Incontrare gli Estra per realizzare questa intervista è stato un vero e proprio calvario: ad equivoci su luoghi e orari si è aggiunta la non clemenza del tempo. I cinque trevigiani sono però stati molto pazienti (a Giulio, Abe, Eddy e Nicola è d'obbligo aggiungere il loro manager Federico Sparano) e altrettanto disponibili per tutti i 70' del piacevole incontro.
Naturalmente l'interlocutore principale è stato il vocalist Giulio "Estremo" Casale.
Rockit: Partiamo dal titolo: come mai "Nordest cowboys"?
Estra: Volevamo uscire allo scoperto prendendo coscienza del fatto che i valori che animano la nostra musica e le nostre vite private non hanno quasi niente in comune con quegli stessi valori che fanno da traino a questo grande miracolo economico e che alla fine si traducono, invece, in miseria culturale e sociale, riversandosi inevitabilmente sulla nostra esistenza.
Il titolo, comunque, è anche ironico: noi siamo cowboys, ma non di quelli che aiutano gli sceriffi (qui il riferimento è al sindaco di Treviso, ndi), bensì coloro che hanno voglia di esplorare nuovi orizzonti.
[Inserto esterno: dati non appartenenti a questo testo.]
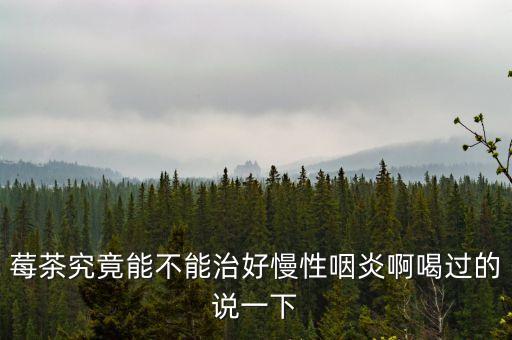 莓茶究竟能不能治好慢性咽炎啊喝过的说一下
Rockit: In che cosa non vi riconoscete dunque?
Estra: Dalle nostre parti ciò che non produce reddito e non è sinonimo di produttività non sembra interessare. Se perciò viene soppresso l'Ente teatro comunale come conseguenza della chiusura del Teatro Comunale di Treviso, senza che la citta reagisca minimamente, puoi capire che alcune contraddizioni le vive solo una minoranza.
A questo punto capisci che vivi in un mondo coerente, un mondo che si occupa solo di cose importanti, e in questo album cerchiamo di portare alla luce questi aspetti.
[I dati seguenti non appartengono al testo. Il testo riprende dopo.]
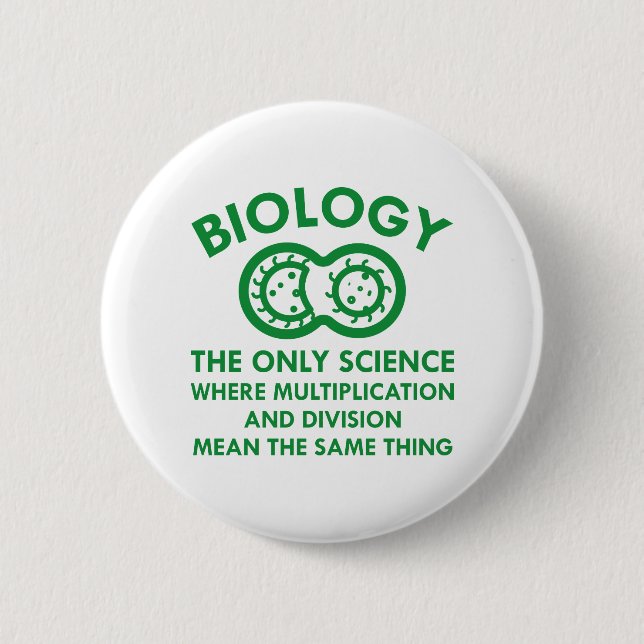Die Biologie ist in meinen Genen Button (Vorderseite)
Rockit: C'è stata un'evoluzione rispetto al nichilismo di "Alterazioni": eravate coscienti della direzione che stavate prendendo ?
Estra: Per noi il rock è sempre stato un modo per reagire, una valvola di sfogo. Naturalmente la musica che facciamo assume contorni diversi rispetto al periodo in cui la produciamo; stavolta è venuto fuori un disco del genere perchè avevavmo questo tipo di spinta.
Rockit: Avete aggiunto gli archi e vi siete avvalsi di molti accorgimenti tecnologici, non rispettando più il canone 'basso-chitarra-batteria'...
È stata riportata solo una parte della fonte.